For production, set `AIT_SECRET_PROVIDER` to `vault`, `aws`, `azure`, or `gcp` and configure the
matching backend variables. Run database/tracking connections over TLS.

## Auth And RBAC

Local development runs with auth disabled. For shared environments, enable bearer-token auth:

```bash
AIT_AUTH_ENABLED=true
AIT_ADMIN_API_KEY=<admin-api-key>
AIT_JWT_SECRET=<jwt-signing-secret>
```

Admin users can save secrets and run worker/admin actions. Editor users can run optimizations,
compare models, approve runs, and publish PRs. Viewer users can read runs and job status.

## Production Persistence

Aiterate defaults to local SQLite for a fast single-user quickstart. Use Postgres for run history,
jobs, audit logs, and encrypted secret metadata in production.

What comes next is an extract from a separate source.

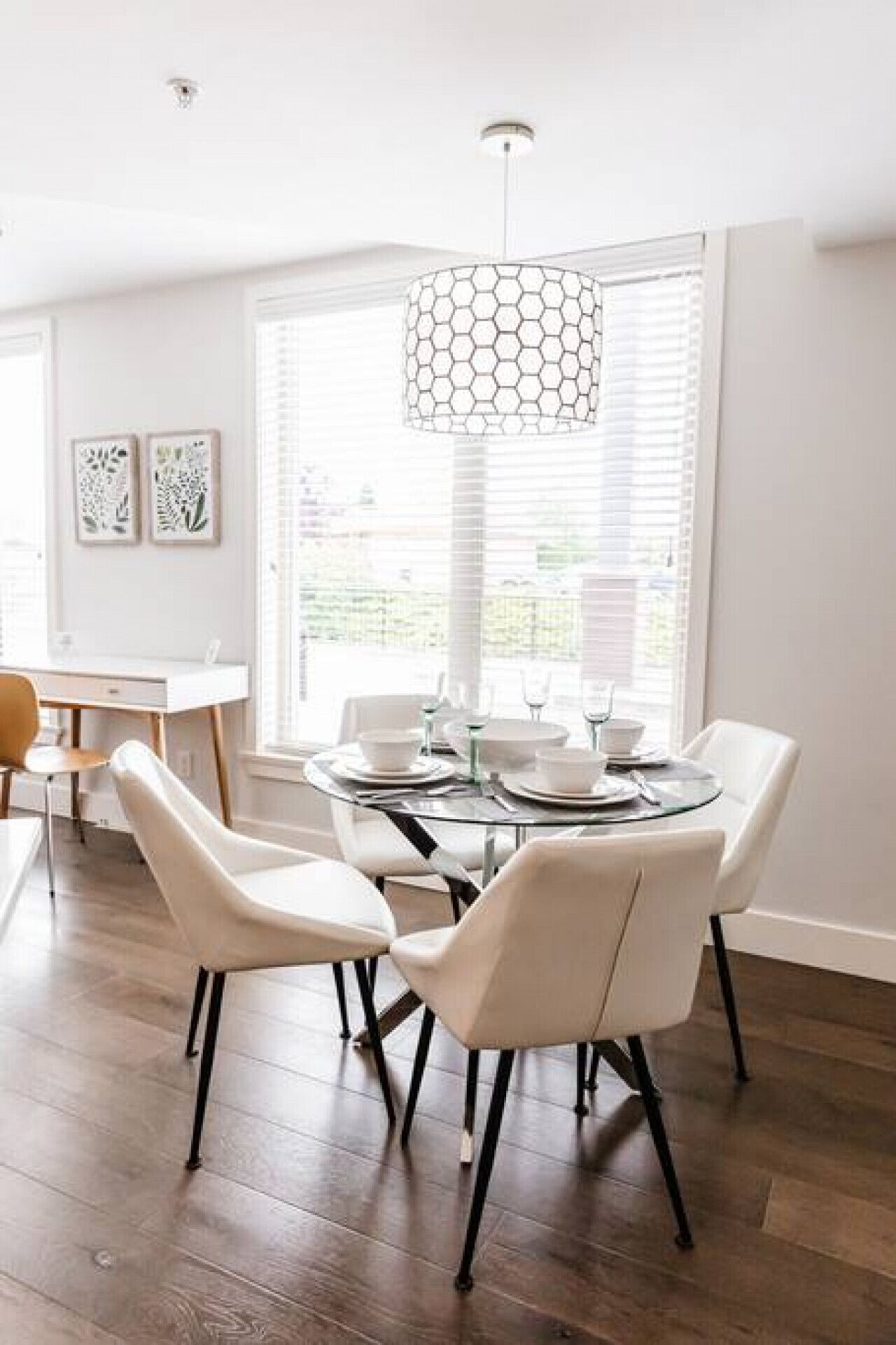 Dinning Table
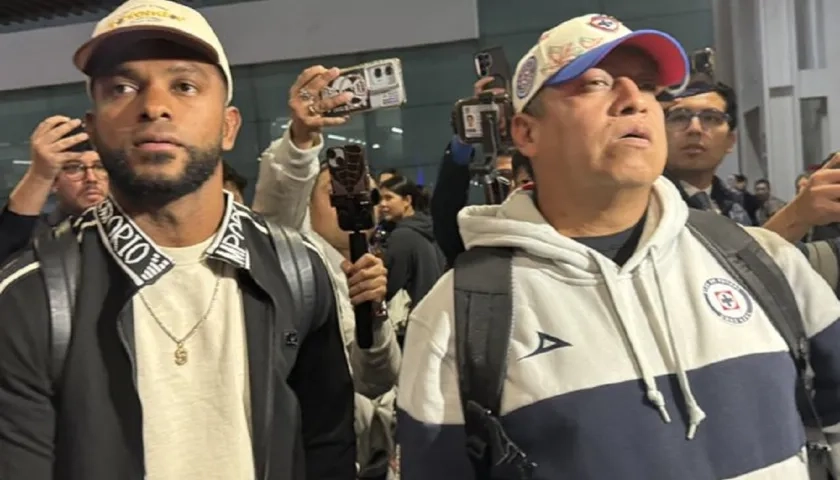 Miguel Borja no dio declaraciones a su llegada a Ciudad de México.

Docker Compose local/self-hosted runs set `AIT_AUTO_GENERATE_SECRET_KEY=true` by default. On first
start, Aiterate creates a Fernet key in the persisted `.aiterate` volume and reuses it on later
starts. This avoids first-run setup friction while keeping saved UI credentials encrypted.

```bash
AIT_DATABASE_URL=postgresql+psycopg://aiterate:aiterate@localhost:5432/aiterate
AIT_SECRET_KEY=<fernet-key>
AIT_AUTO_GENERATE_SECRET_KEY=false
AIT_TRUST_ENV_PROXY=false
AIT_ENABLE_LOCAL_GIT=false
```

For production, set `AIT_SECRET_KEY` yourself or use a managed secret provider. Keep the same key for
the lifetime of saved credentials; changing it prevents existing encrypted credentials from being
decrypted.

By default, native provider calls ignore `HTTP_PROXY` and `HTTPS_PROXY` from the host environment so
broken local proxy variables do not cause provider connection failures. Set `AIT_TRUST_ENV_PROXY=true`
when your enterprise network requires those proxy variables.

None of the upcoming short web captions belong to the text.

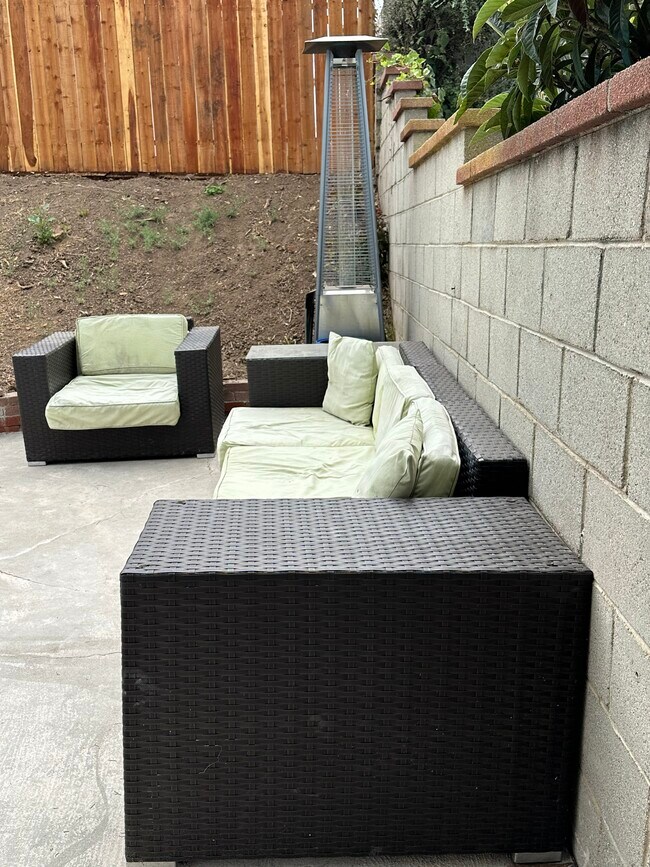 The Pool deck area - 3283 Kelton Ave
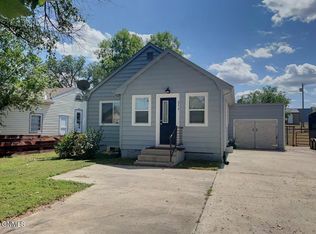 317 3rd Ave NE, Watford City, ND 58854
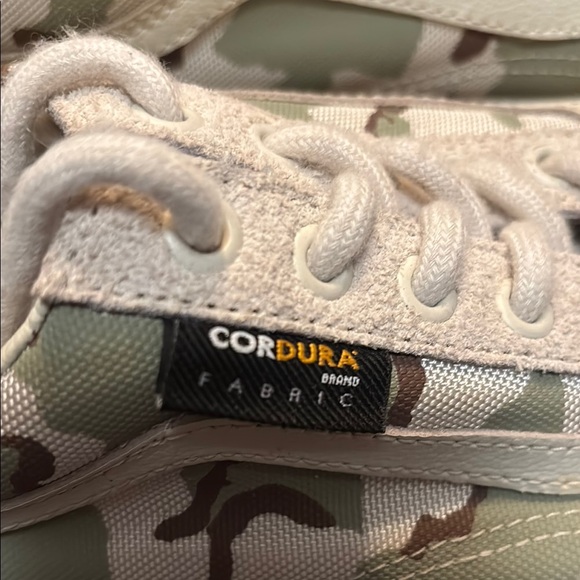 Vans Camouflage Sneakers 7.5 - Picture 2 of 8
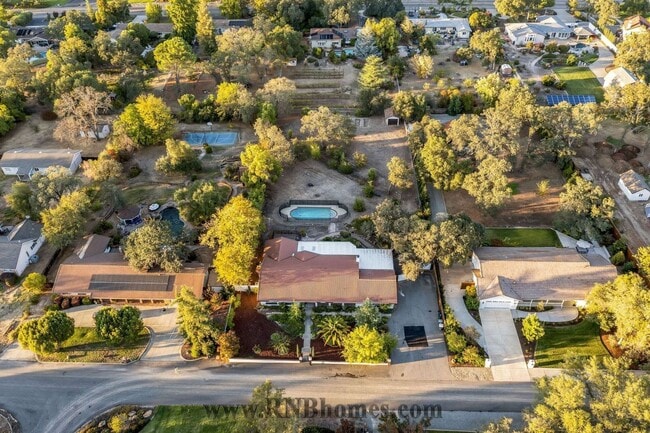 4305 Whispering Oak Cir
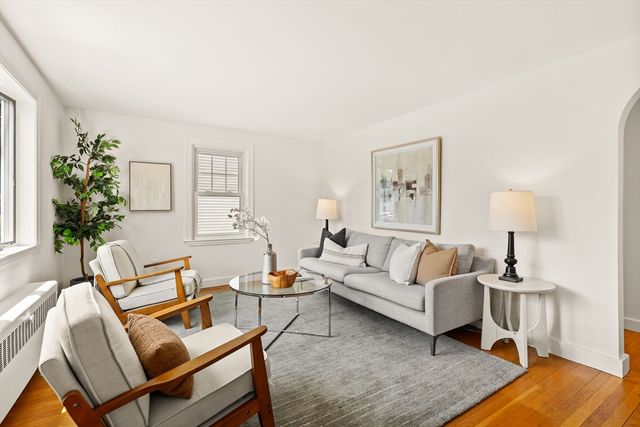 53 Roberts Rd, Medford, MA 02155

Apply migrations before starting production services:

```bash
aiterate migrate
```

Generate a Fernet key:

```bash
python -c "from cryptography.fernet import Fernet; print(Fernet.generate_key().decode())"
```

Local browser draft persistence is not used. Git artifact writes are disabled by default; use the Git
PR workflow for promotion.

## Status

Aiterate is early open-source software. The package is designed for local experimentation first, with
production and enterprise integrations built into the roadmap.